Tesla has added a 5 seat option to the Model X configuration starting at $83,000. 
To compare the 6 seat config is $88,500 and the 7 seat $89,500 - both requiring the $2,500 air suspension option that the 5 seat config does not.


----------



## Skione65

MelindaV said:


> Tesla has added a 5 seat option to the Model X configuration starting at $83,000.
> To compare the 6 seat config is $88,500 and the 7 seat $89,500 - both requiring the $2,500 air suspension option that the 5 seat config does not.


@MelindaV,

So are you telling us you're now converting your Model 3 Reservation to an X???   I want the first ride!!!

Ski


----------



## MelindaV

Heck no . 
But if tesla wants to give me a discount to make the model 3 a 2 seater, I'd take it!!


----------



## TrevP

Skione65 said:


> @MelindaV,
> 
> So are you telling us you're now converting your Model 3 Reservation to an X???   I want the first ride!!!
> 
> Ski


Hey, to have the money I'd Model S or and X today instead of the Model 3. I took a drive with the first Signature series delivered to an owner in Toronto today and let me tell you, Ludicrous is very addictive  It's a very very nice car. We did an extensive video shoot today on it so expect to see the results soon on our YouTube channel.


----------



## Skione65

TrevP said:


> Hey, to have the money I'd Model S or and X today instead of the Model 3. I took a drive with the first Signature series delivered to an owner in Toronto today and let me tell you, Ludicrous is very addictive  It's a very very nice car. We did an extensive video shoot today on it so expect to see the results soon on our YouTube channel.


@TrevP,

Looking forward to it!

Ski


----------



## T3SLA_NC

MelindaV said:


> Tesla has added a 5 seat option to the Model X configuration starting at $83,000.
> To compare the 6 seat config is $88,500 and the 7 seat $89,500 - both requiring the $2,500 air suspension option that the 5 seat config does not.

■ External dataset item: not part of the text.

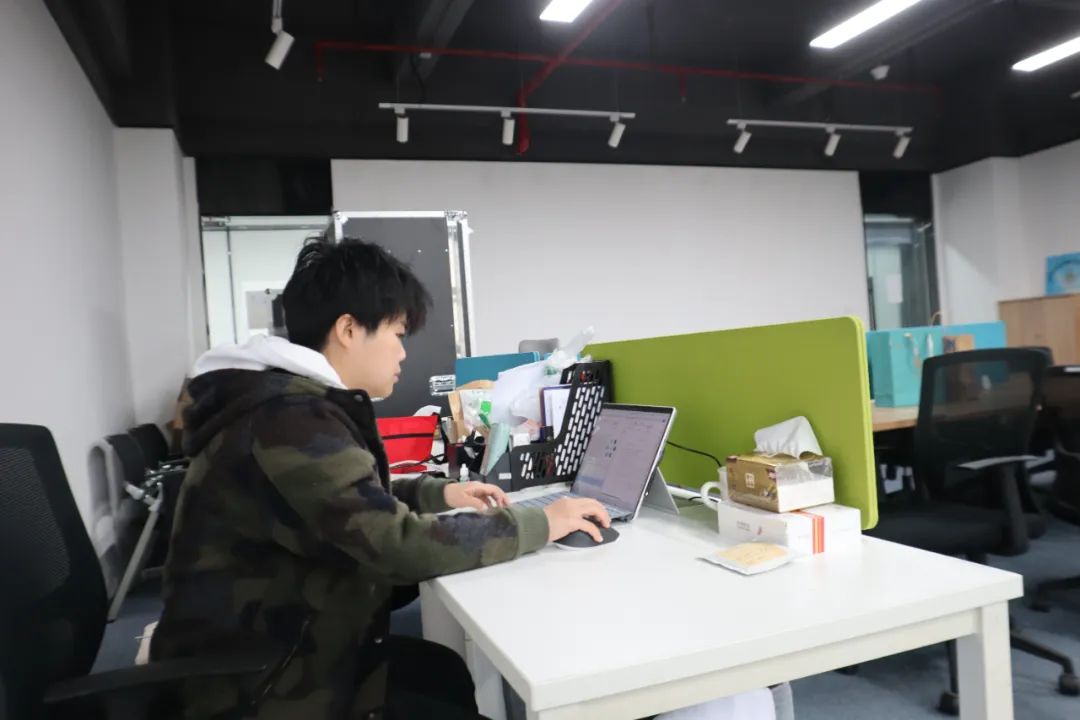 花溪区大数据产业,花溪区大数据及服务外包示范基地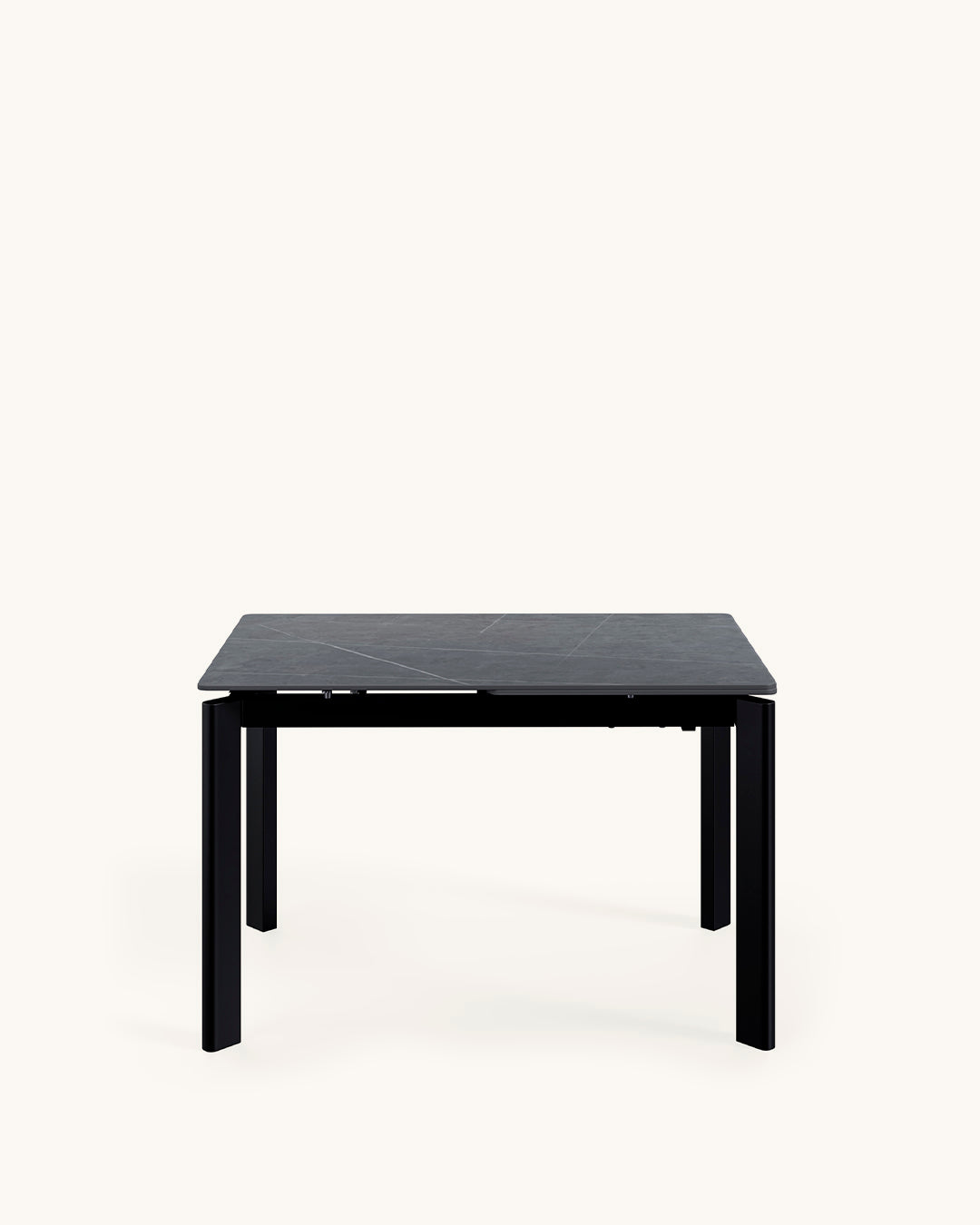 Beatrix // Cinza-preto 140 cm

I thought the 5 seat config was standard. It isn't new.


----------



## AEDennis

T3SLA_NC said:


> I thought the 5 seat config was standard. It isn't new.


Yes... However, Tesla has been mum on details on the five seat configuration for over half a year until these things were released.

I was at a Tesla Social event with a very early reservation holder who was "on hold" until the five seat configuration details were provided. I don't remember if he was a Signature or regular reservation holder, but he was getting quite perturbed, and this was in May 2016.


----------